Answer
$\text{6 m}$
Work Step by Step
This is the form of an infinite geometric series, in which the first term is ${{a}_{1}}=12$ and the common ratio is $r=\frac{1}{3}$.
The limit and sum of the infinite geometric series is given by
${{s}_{\infty }}=\frac{{{a}_{1}}}{1-r},\text{ }\left| r \right|<1$
Where ${{a}_{1}}=$first term and $r=$common ratio.
If $\left| r \right|<1$, then the limit exists, and if $\left| r \right|\ge 1$, no limit exists.
Since, $\left| r \right|=\frac{1}{3}<1$, the limit exists.

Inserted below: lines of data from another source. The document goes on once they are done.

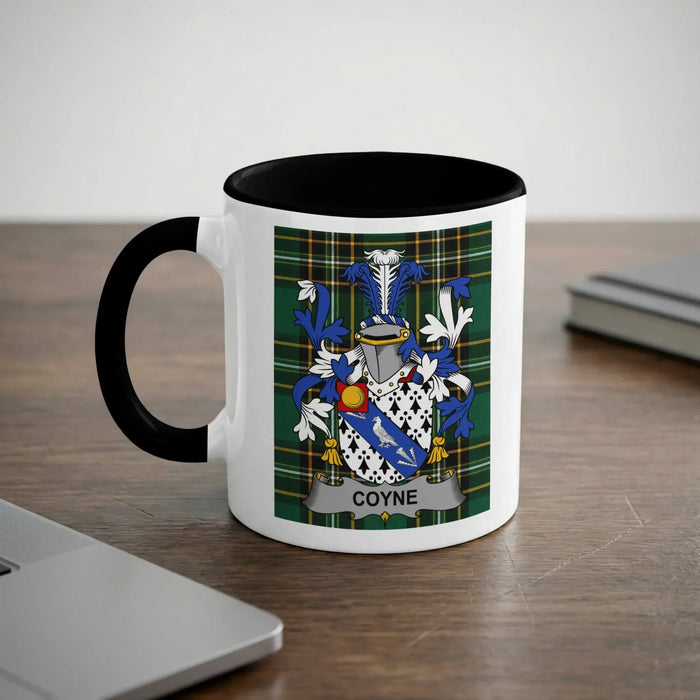 Mug with the COYNE family crest on a checkered background.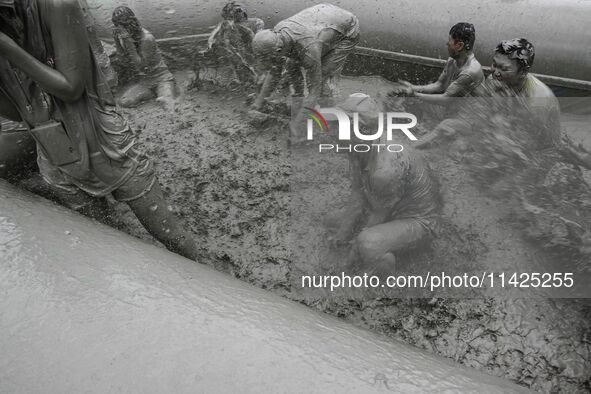 Visitors are playing in a mud pool at Mud Festival Park in Boryeong, South Korea. The Boryeong Mud Festival is an annual festival that takes...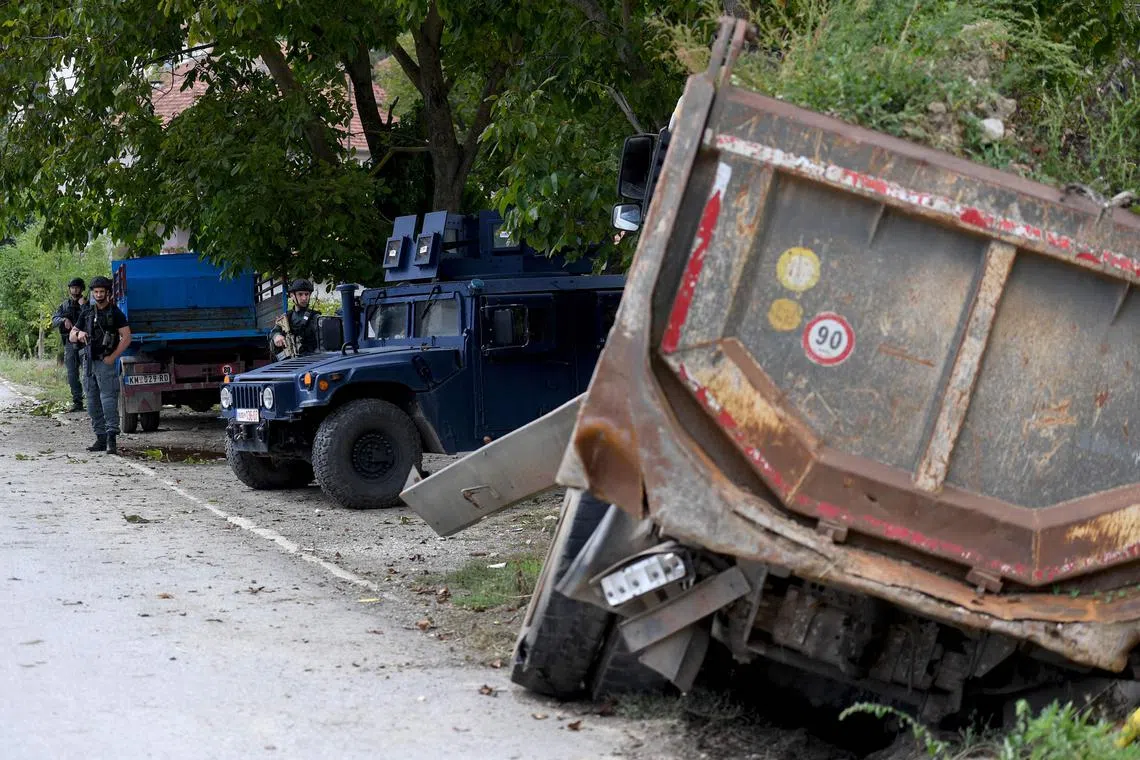 Kosovo police guarding an area around a monastery in northern Kosovo where deadly clashes erupted last week.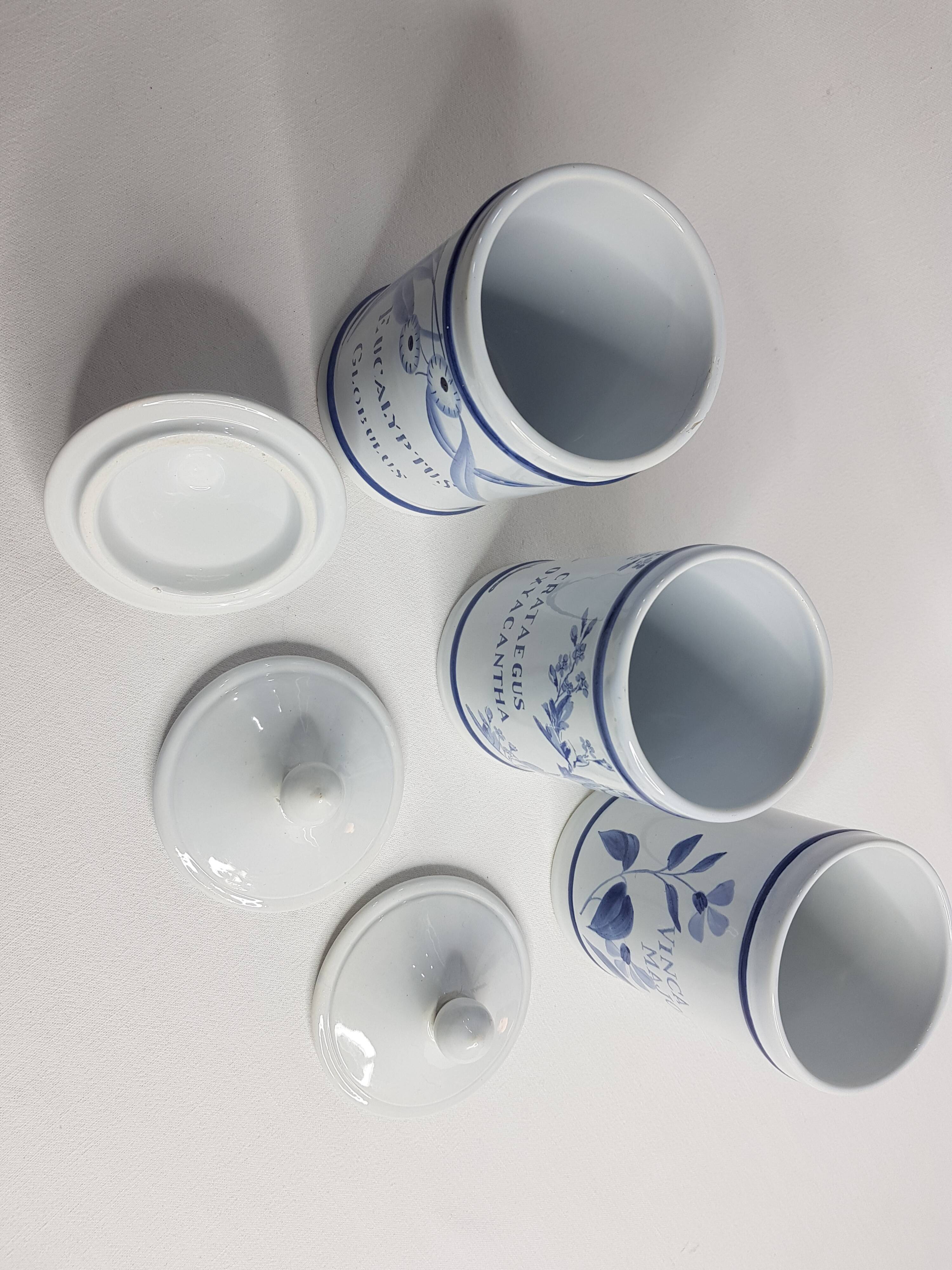 Set of three longchamp earthenware pharmacy jars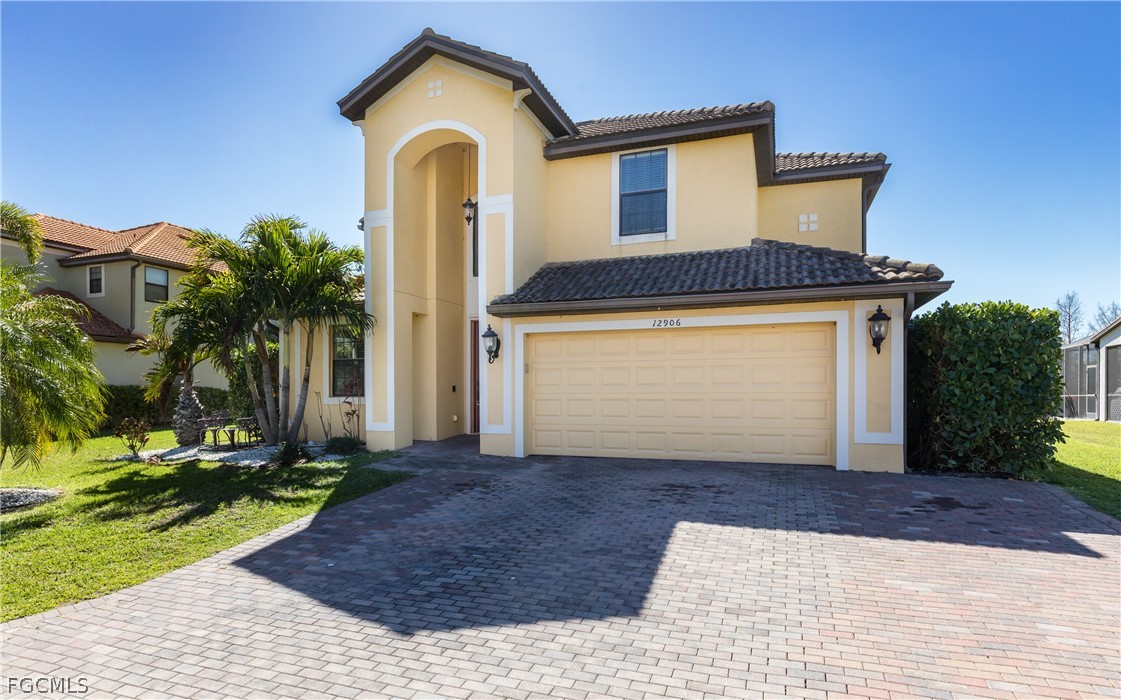 12906 Pastures Way Fort Myers, FL 33913 - Photo 4 of 44 a front view of a house with a yard and garage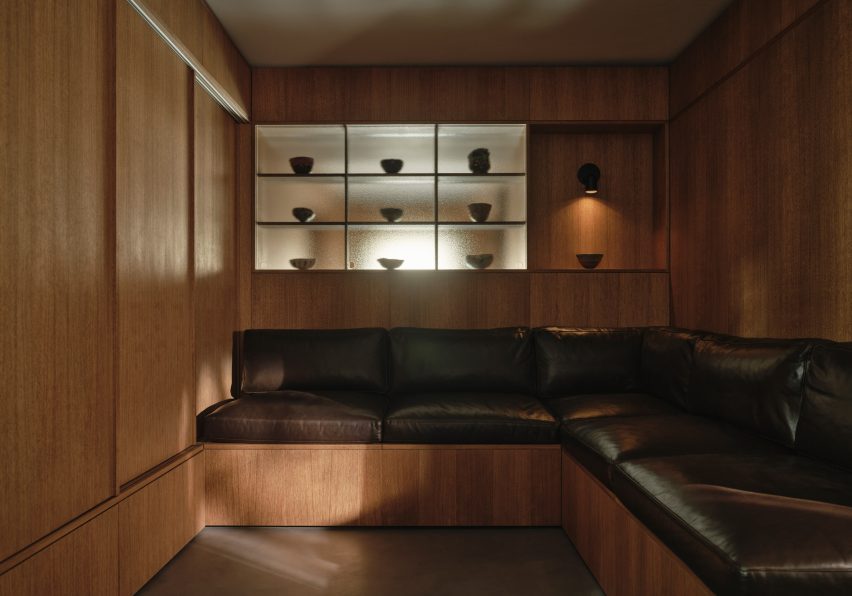 The snug with built-in leather sofas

Therefore, the sum of an infinite geometric series is
${{s}_{\infty }}=\frac{{{a}_{1}}}{1-r},\text{ }\left| r \right|<1$ …… (1)
Substitute the value of ${{a}_{1}}=12$ and $r=\frac{1}{3}$ in equation (1)
$\begin{align}
& {{s}_{\infty }}=\frac{{{a}_{1}}}{1-r} \\
& =\frac{12}{1-\frac{1}{3}} \\
& =\frac{12\times 3}{3-1} \\
& =18
\end{align}$
Therefore,
${{s}_{\infty }}=18.$
The total distance is $18\text{ m}$, and the fall distance is $12\text{ m}$; therefore, the rebound distance is
$18-12=6\text{ m}$.
Thus, the total rebound distance is $\text{6 m}$.